En el mapa, el Porto Bay se ve cerquita del centro y ciertamente lo está, después de subir por una calle más o menos empinada que a mí me quitaba el aliento porque no me gustan las subidas, menos cuando el tiempo apremia. Pero eso no importa. Lo cierto es que las puertas del Porto Bay se abren con mucha amabilidad en esa calle tranquila y es como entrar a un pedacito de oasis.
La recepción amplia, la sonrisa amable de Alejandro, de Inés o de quien esté allí sentado esperando al viajero. El paisaje de Buzios coquetea desde su terraza en la que provoca quedarse allí por siempre. A los dos minutos de estar ahí, ya da la sensación de estar en la sala de mi propia casa. No hay ruidos y sí mucha calma.

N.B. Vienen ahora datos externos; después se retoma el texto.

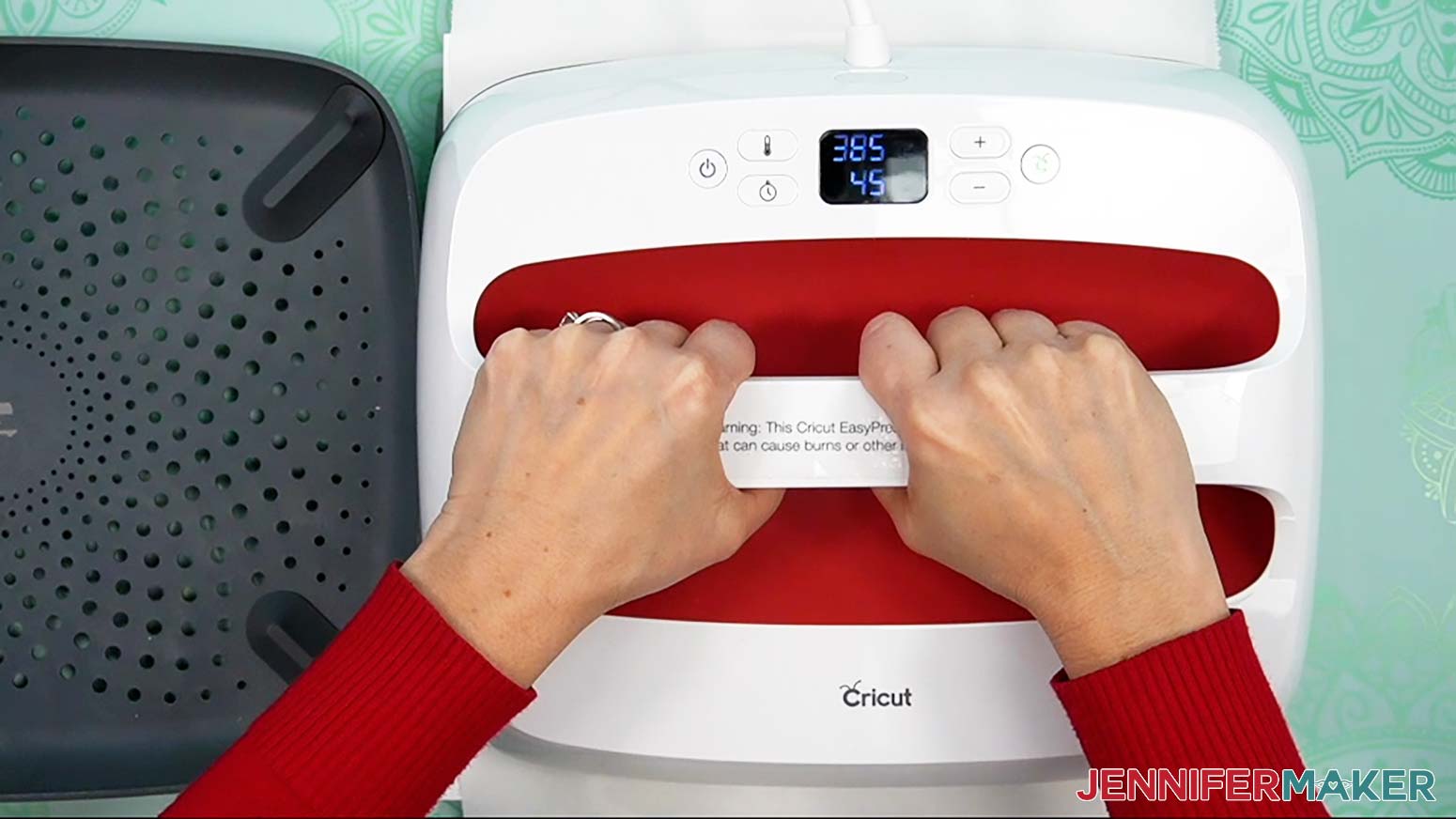 Lower the press straight down on the design and heat it for 45 seconds with light pressure.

Mi habitación, la número 6
Dejo el equipaje en la habitación, una muy cómoda, con un balcón que me enamora y salgo a recorrer las instalaciones. Todo está muy quieto, aunque hay mucha gente allí. Una sauna escondido entre los árboles, un gimnasio pequeño, pero perfecto; y la piscina desbordada de azul frente al restaurante donde tomamos el desayuno.
Cuenta Inés que llegan muchos turistas europeos a alojarse aquí, pero sobre todo alemanes, quienes extienden sus temporadas a más de 20 días. Entonces lamento quedarme solo una noche, porque algo atrapa en ese ambiente. Lo bueno de estar en Brasil es que voy dejando en el camino muchas excusas para poder volver.